This week I’ve finally finished the user interface for editing your controls!
As you can see from the video, the input system and the interface that supports it are incredibly complex. Programming it all was a very fun challenge.
As you probably have already noticed, we now have a brand new site! I’ve been remaking the website into a bunch of separate services (coded in Go), instead of the single big application that it was before. This has the advantage of being much easier to iterate on, as there is less code that has to be compiled for a single change, as well as being easier to test since each service can be tested independently from each other.
I’m still working out the kinks on the new site, re-adding missing features, and improving the visuals, so expect lots of updates to it in the near future.
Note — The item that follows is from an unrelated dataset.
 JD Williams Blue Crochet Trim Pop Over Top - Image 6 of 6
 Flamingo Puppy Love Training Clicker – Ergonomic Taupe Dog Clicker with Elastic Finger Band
Now that the new site is live, I don’t have to worry about maintaining the old site, and I can focus completely on this new version.
This week I’ve also been working on the system that will allow you to join your friends’ games. We intend for this feature to be as easy as possible to use, requiring just a single click from the user’s point of view.
This is achieved through UDP hole punching, which bypasses the most common NATs and in turn removing the need for you to forward any ports at all. Hole punching consists of 3 parties: a client, a server and a master server. In our case, the client is the user that wants to connect to a game, the server is the user that’s already in-game, and the master server is our cloud server.
When the client wants to connect to the server, it first sends a request to the master server and asks for information about the server (that has previously been registered). When this happens, the master also sends information about the client to the server, and finally they both are able to connect through the tunnel that has been established.
That was a very simplified explanation, if you want more details you can check out this paper that really helped me fully understand it.
The proof of concept is done: I have successfully joined another instance of Logic World running on a remote PC – Bob, to be precise – without any port-forwarding. The next step is to integrate this logic with the game UI and Friends system.
We’ll keep releasing these weekly updates right up until the game comes out. To make sure you don’t miss them, you can sign up for our newsletter. Be sure also to wishlist Logic World on Steam and join the official Discord.
See you next Wednesday!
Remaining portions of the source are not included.